Friday, April 10, 2009 at 3:15 pm
Why Obama's Saudi Bow was Not a Kow-Tow
Posted by Scott MacLeod
This bowing down to Islamist monarch
President Obama definitely bowed down when he shook the hand of Saudi Arabian King Abdullah bin Abdulaziz al-Saud at the G-20 in London last week. Despite the continuing outrage of conservatives and Arab-bashers, what Obama did was entirely appropriate, too. Here's my guide to Arabian royal protocol and American common sense.
In the videotape zapping around the Internet, Obama looks slightly awkward, as if he wasn't quite sure whether to bow, shake hands or do both. It turned out to be a deep bow- cum-handshake, it was certainly more than the nod-handshake he gave Queen Elizabeth II, but it was not quite a formal diplomatic bow from the waist. Maybe that's why the White House is, unofficially, denying the Obama bow.
A simple handshake would have sufficed. Obama certainly did not need to bow at all, as far as Saudi royal protocol is concerned. I have attended Abdullah's majlis in Riyadh a few times and witnessed his own personal distaste for obsequious shows of respect. In the context of a tribal society, Abdullah is a sheikh, indeed the sheikh of sheikhs, and as such his subjects would typically greet him at his Saudi-style town meetings with a kiss on the shoulder and a kiss on the hand.
On those occasions, however, I watched as Abdullah repeatedly whipped back his hand as some tried to kiss it, a custom that other monarchs in the Arab world have encouraged. I wasn't surprised when two months after ascending the throne in 2005, Abdullah decreed an official end to the kissing of shoulders and hands. The protocol henceforth, according to the Saudi royal court, would be a handshake. That goes for foreigners, including heads of state like Obama.

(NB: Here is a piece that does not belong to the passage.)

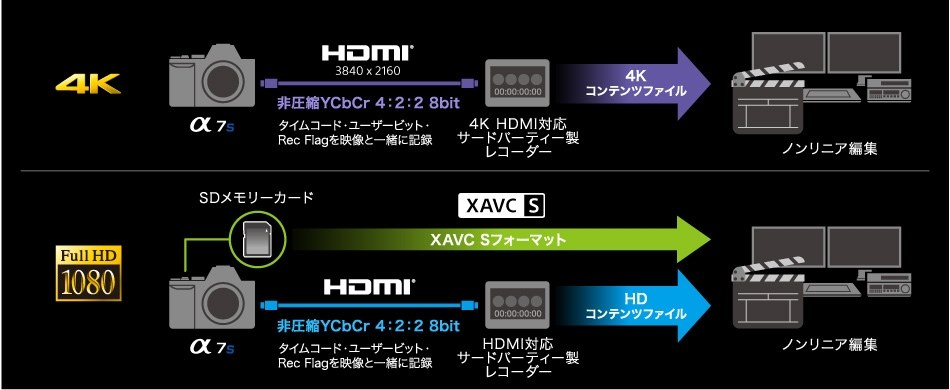 HD動画を非圧縮で保存できる？』 SONY α7S ILCE-7S ボディ のクチコミ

Yet, any American president should display a form of respect to any other head of state that he (or in the future, perhaps she) agrees to meet. Rather than kowtowing to Saudi custom, or showing fealty to a Muslim king, Obama's gesture in London seemed to be simply his gracious, spontaneous way of greeting Abdullah. That's fitting for a variety of reasons, beyond any rules of diplomatic protocol.
The Saudi leads a society that is steeped in custom, even if he himself is trying to loosen tradition a bit. As a much younger man, even if he is president of the world's most powerful country, Obama is entirely proper in showing pointed respect for an elder counterpart. Moreover, Abdullah holds a variety of positions that deserve and require recognition-king; custodian of the holy mosques of Mecca and Medina; elder statesman of the Arab world; son of the founder of his country.
Then there's the context of Obama's gesture, too, namely the long--and mutually beneficial-- Saudi-American alliance. The London encounter is the latest in an unbroken string of meetings between U.S. and Saudi heads of state dating back to the meeting between President Roosevelt and Ibn Saud, Abdullah's father, aboard the USS Quincy.
In 1945, FDR gave his Saudi counterpart more than a handshake. He presented Ibn Saud with a C-47 Dakota airplane--and one of his wheelchairs. The two aging leaders had gotten into a friendly discussion about their respective infirmities. Later, Ibn Saud would say, “This chair is my most precious possession. It is the gift of my great and good friend, President Roosevelt, on whom Allah has had mercy."
It's not really the bow that upsets many of Obama's critics. It's the US-Saudi political and economic partnership that reaches back decades. Some think the Saudis should be more subservient to the U.S., ought to make peace with Israel, have abetted Islamic extremism, are responsible for high oil prices, or all of the above. They didn't like it when even a president they supported, George Bush, held hands, Saudi-style, with Abdullah during a greeting in Crawford, Texas. But if U.S. presidents of both parties have deemed it to be in American interests to have friendly relations with Saudi Arabia, it's common sense to accord the Kingdom's elderly monarch a simple gesture of respect. For Obama, who unapologetically seeks to build bridges between Islam and the West, perhaps it's second nature, too.